A picture may be worth a thousand words, but sometimes words are better
If you’ve seen the film The Pianist, you’ll know what it’s about. If not, here’s a quick summary I cribbed from imdb.com:
The true story of Wladyslaw Szpilman who, in the 1930s, was known as the most accomplished piano player in all of Poland, if not Europe. At the outbreak of the Second World War, however, Szpilman becomes subject to the anti-Jewish laws imposed by the conquering Germans. By the start of the 1940s, Szpilman has seen his world go from piano concert halls to the Jewish Ghetto of Warsaw and then must suffer the tragedy of his family deported to a German concentration camps, while Szpilman is conscripted into a forced German Labor Compound. At last deciding to escape, Szpilman goes into hiding as a Jewish refugee where he is witness to the Warsaw Ghetto Uprising (April 19, 1943 - May 16, 1943) and the Warsaw Uprising (1 August to 2 October 1944).
I saw the film a few weeks ago, then got the book out from the library. I sometimes think we see so much crap on screen that it becomes easy to just block it out, ignore it and not be moved, even when we know it’s a true story.
But when we read… It’s the Hitchcock effect: if you can’t see it, what you imagine is a whole lot scarier.
And I believe if you can’t see it, what you read, especially if it is personal, written by one who experienced the situation, rather than a detached observer or historian, can be a whole lot more horrific.

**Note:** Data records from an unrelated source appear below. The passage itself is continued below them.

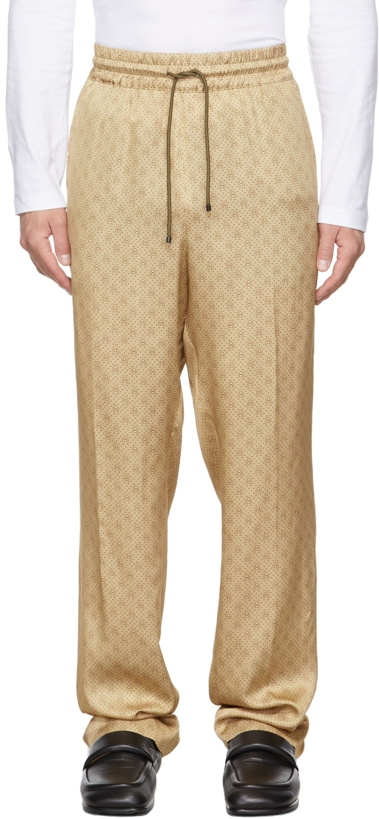 Photo: Dries Van Noten Beige Viscose Satin Print Trousers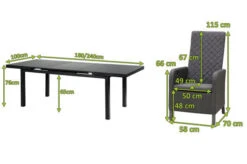 OUTFLEXX Malaga Premium Esstischgarnitur, Anthrazit/grau/sooty, Alu/Glas/Subrella, 180/240cm, 6 Sessel, Ausziehfunktion, Verstellbare Rückenlehne -Kettler Verkäufe 28878 05.jpg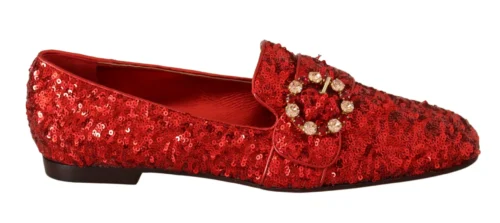 Dolce & Gabbana Women's Sequined Red Flat Loafers with Crystal Gems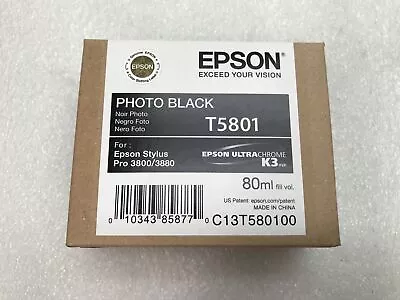 New Genuine Epson Pro T5801 3800 3880 Photo Black Ink T580100 W/ EXPIRED: 2018 • $54.99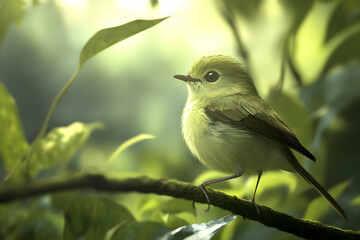 Obraz premium A small green bird perched peacefully upon a mossy branch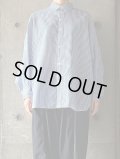 FIRMUM　1/80スターチコットン・ストライプローン カーブスリーブシャツ【CA_FR1203SF】OFF WHITE×BLUE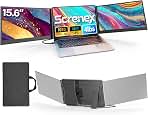 15.6" Laptop Screen Extender, Ultra-Slim Triple Laptop Monitor, FHD 1080P IPS Portable Screen, One-Cable Plug & Play for 13-17.3" Laptops, Compatible with Windows/Mac/Android/Switch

“Another month of peace and quiet passed, and then, one June evening, there was a bloodbath in the ghetto. … As the jackbooted Germans marched upstairs the lights went on, floor by floor. A businessman’s family lived in the flat directly opposite ours… When the light went on there too and SS men in helmets stormed into the room, machine pistols ready to fire, the people inside were seated sitting around their table just as we had been seated at ours a moment ago. They were frozen with horror. The NCO leading the detachment took this as a personal insult. Speechless with indignation, he stood there in silence, scanning the people at the table. Only after a moment or so did he shout, in a towering rage, ‘Stand up!’
“They rose to their feet as fast as they could, all except for the head of the family, an old man with lame legs. The NCO was seething with anger. He went up to the table, braced his arms on it, stared hard at the cripple, and growled for the second time, ‘Stand up!’
“The old man gripped the arms of his chair to support himself and made desperate efforts to stand, but in vain. Before we realized what was going on, the Germans had seized the sick man, picked him up, armchair and all, carried the chair to the balcony, and thrown it out into the street from the third floor. …
“We saw the old man still hanging in his armchair in the air for a second or two, and then he fell out of it. We heard the chair fall to the road separately, and the smack of a human body landing on the stones of the pavement.”